**DATA:**
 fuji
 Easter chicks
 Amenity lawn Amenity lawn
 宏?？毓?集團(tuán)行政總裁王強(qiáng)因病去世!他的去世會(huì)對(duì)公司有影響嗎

**ABOUT THIS EXERCISE:** Return the listing exactly as it was given to you, with every line intact.

**YOUR SOLUTION:**
 fuji
 Easter chicks
 Amenity lawn Amenity lawn
 宏?？毓?集團(tuán)行政總裁王強(qiáng)因病去世!他的去世會(huì)對(duì)公司有影響嗎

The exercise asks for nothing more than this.